Our 2004 CSA delivery season starts in March, with hungry
customers from Monterey to San Francisco waiting for their
first boxes of fresh veggies. This has me in a bit of a panic.
But since the early spring isn’t the easiest season
to farm it becomes the season for.... ta - dah! ... SHAMELESS
SELF PROMOTION!
“Why,” you ask “would you aggressively make
promises about future harvests just exactly when you feel
uneasy about your ability to produce them?” Easy. I
need the money that comes from checks subscribers will send
me, I believe in the power of prayer, and I have some seven
years of prior experience to guide me.
It’s like this. I DO have some product overwintering
in the ground, like parsnips, Indian red carrots, Belgian
white carrots, chantenay carrots, and Amsterdam cutting celery.
During a dry spell several weeks ago we squeaked in a planting
of orach, beets, and chard. Plus we run our CSA in concert
with another small farm called High Ground Organics. We call
our joint effort Two Small Farms CSA. Presumably Stephen Pedersen
of High Ground Organics has sneaked a few plantings in. I
should call him right now. And I’m going to pray for
a brief drought so we can do some more planting.
“But wouldn’t it make more sense to start your
CSA deliveries a bit later, say, May, when harvest are more
assured?”
No. In March people are still murmuring their New Year’s
resolutions to themselves about eating healthy vegetables,
supporting their neighborhood farms, and cooking at home more
often. By May cherries and peaches have arrived, the sun promises
summer fun and the public’s attention drifts from vitamins,
health, and responsible living. I say sign the people up in
February and March when they are hungry for fresh produce
and they are paying the highest price at the supermarket for
the poorest produce picked from the most distant climes. Then
pray for divine help in your effort to assist the public in
eating a more conscious diet and doing good by their neighbor.
Also, news-wise, late winter is dead. Food sections in local
papers are starving for stories come March and editors may
be open to publish stories about the efforts of local farmers
to supply fresh produce for local markets. Even radio programers
might be hungry for something different than presidential
politics, war news, and celebrity scandals and find time to
interview a farmer. If nothing else March is a time to plan
for future publicity opportunities so the farm is ready for
them when they pop up during the busy production season.

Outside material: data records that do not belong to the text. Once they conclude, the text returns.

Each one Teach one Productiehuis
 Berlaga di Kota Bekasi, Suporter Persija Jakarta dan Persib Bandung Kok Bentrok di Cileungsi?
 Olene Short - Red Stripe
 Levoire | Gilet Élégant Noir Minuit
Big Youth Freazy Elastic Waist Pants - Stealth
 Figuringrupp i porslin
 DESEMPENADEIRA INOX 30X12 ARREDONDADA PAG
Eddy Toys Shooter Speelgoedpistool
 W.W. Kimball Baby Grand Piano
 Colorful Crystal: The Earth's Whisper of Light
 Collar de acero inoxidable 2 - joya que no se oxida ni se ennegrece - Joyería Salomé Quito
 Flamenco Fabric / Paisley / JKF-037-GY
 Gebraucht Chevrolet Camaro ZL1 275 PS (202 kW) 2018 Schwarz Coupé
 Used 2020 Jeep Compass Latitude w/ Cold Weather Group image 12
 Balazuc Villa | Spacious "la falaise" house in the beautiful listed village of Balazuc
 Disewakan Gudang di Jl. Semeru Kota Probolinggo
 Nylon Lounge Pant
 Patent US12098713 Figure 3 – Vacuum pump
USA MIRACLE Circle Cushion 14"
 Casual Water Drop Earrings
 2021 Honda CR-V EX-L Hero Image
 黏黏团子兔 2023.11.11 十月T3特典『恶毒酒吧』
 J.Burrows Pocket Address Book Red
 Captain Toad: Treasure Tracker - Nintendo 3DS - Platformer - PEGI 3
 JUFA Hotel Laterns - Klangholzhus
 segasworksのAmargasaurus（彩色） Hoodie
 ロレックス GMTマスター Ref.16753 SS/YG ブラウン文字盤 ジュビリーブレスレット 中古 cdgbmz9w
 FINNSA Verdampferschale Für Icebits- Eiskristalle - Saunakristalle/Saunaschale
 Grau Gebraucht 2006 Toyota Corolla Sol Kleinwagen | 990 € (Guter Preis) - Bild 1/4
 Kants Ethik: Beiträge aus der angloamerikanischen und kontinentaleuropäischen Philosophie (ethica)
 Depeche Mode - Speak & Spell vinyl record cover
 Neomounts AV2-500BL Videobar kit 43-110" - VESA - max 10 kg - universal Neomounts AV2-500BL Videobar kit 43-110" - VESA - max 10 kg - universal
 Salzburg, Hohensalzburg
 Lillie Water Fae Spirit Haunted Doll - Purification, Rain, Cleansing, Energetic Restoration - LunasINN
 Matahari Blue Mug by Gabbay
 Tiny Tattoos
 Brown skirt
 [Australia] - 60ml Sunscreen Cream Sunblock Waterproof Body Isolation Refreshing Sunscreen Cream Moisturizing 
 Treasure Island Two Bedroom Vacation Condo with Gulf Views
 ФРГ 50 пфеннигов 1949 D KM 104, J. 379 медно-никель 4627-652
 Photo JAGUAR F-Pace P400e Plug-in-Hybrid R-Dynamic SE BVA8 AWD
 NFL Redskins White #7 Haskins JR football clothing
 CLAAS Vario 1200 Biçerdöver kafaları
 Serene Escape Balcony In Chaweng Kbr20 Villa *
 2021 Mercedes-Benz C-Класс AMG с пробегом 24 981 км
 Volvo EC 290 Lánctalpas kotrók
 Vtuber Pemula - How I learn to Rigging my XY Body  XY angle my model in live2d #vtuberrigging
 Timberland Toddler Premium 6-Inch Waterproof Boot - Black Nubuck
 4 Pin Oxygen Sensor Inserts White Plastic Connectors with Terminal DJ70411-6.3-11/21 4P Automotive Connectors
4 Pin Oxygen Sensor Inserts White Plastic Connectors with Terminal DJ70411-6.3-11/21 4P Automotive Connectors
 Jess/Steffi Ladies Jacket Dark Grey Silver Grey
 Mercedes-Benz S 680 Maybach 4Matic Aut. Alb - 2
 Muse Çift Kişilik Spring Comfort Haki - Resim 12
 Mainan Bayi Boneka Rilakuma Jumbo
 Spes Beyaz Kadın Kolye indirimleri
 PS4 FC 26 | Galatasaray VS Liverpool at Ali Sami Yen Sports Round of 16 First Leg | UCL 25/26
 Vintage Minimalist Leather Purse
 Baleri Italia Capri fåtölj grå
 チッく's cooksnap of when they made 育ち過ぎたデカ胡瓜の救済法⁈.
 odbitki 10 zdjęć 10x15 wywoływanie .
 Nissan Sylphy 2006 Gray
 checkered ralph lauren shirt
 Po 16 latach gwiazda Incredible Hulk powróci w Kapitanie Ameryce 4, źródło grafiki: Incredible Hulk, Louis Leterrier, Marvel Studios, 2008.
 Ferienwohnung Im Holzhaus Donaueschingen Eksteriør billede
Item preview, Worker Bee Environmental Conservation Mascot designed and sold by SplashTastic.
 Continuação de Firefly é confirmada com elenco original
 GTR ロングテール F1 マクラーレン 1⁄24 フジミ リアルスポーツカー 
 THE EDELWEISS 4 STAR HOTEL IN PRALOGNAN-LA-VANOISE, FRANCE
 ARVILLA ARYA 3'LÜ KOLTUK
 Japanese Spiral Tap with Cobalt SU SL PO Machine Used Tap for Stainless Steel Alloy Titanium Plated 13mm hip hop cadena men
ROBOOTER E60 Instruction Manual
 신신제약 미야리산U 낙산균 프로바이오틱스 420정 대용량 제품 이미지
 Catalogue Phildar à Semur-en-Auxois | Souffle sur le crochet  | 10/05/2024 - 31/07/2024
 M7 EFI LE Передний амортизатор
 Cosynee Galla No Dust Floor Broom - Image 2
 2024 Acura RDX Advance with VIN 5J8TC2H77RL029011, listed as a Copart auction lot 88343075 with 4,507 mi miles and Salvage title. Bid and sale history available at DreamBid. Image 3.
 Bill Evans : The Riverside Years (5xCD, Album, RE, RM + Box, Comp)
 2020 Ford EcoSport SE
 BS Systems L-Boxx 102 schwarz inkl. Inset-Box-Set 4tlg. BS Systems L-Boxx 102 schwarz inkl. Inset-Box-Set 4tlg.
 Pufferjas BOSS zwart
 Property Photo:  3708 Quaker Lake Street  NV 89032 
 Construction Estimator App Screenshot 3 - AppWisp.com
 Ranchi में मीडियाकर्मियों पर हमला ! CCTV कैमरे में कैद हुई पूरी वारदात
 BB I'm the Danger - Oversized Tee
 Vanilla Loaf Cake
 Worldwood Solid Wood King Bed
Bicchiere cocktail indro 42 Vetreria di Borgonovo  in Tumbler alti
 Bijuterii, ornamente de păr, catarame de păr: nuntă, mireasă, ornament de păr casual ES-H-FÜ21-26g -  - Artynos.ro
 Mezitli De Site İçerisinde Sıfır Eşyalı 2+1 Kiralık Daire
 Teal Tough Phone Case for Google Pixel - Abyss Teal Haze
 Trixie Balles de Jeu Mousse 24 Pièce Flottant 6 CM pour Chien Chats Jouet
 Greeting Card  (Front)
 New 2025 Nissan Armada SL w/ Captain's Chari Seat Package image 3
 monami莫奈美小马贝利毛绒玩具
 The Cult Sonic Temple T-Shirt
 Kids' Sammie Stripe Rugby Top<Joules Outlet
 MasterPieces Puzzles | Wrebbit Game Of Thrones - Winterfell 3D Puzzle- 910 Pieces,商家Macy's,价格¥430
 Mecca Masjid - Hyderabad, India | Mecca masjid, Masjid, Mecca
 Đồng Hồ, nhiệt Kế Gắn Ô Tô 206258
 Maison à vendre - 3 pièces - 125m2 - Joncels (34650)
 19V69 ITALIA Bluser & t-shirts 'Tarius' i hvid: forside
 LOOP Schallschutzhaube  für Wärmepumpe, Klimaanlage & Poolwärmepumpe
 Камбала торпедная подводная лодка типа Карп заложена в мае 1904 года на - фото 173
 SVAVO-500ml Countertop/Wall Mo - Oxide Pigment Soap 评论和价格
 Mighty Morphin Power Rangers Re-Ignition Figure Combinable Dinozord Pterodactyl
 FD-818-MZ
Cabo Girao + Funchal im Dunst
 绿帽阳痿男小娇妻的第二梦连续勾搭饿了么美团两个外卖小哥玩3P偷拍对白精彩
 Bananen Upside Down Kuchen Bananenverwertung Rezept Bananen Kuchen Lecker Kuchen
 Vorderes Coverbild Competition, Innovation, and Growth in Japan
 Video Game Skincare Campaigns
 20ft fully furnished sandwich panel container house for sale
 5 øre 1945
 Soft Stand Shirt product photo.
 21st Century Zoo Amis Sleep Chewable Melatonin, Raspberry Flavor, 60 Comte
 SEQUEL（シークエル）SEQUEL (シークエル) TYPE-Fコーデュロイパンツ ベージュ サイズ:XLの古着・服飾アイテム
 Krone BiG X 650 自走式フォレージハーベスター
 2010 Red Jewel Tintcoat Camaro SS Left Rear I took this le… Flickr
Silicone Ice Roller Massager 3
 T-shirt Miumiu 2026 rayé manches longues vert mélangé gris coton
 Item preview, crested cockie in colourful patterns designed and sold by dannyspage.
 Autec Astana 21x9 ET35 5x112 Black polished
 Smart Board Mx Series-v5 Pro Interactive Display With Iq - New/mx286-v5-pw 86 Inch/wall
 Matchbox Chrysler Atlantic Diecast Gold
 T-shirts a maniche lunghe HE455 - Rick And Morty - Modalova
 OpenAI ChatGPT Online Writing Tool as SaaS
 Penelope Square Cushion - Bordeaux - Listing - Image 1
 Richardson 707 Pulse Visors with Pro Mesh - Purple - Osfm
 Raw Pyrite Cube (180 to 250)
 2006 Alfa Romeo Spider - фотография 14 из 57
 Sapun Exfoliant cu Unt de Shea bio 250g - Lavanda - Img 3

So
far this year we have a couple of school presentations planned
and a tentative date set for a radio interview about CSA on
KSCO, a local am radio station to us in Santa Cruz, CA.
To keep things mixed up and reach as broad a spectrum of
people as possible we are planning a “winter abundance”
meal with chef Joseph Manzare of Globe restaurant in SF. Globe
buys lots of our produce all year 'round, and our abundance
meal can feature our crops like parsnips, red, white, and
orange carrots, orach, and beets as well as our weeds, like
nettles. And we are planning a farm open house. It will all
work out. I just need to keep one eye focused on future, one
eye glued to the sky, and one eye fixed on the bottom line.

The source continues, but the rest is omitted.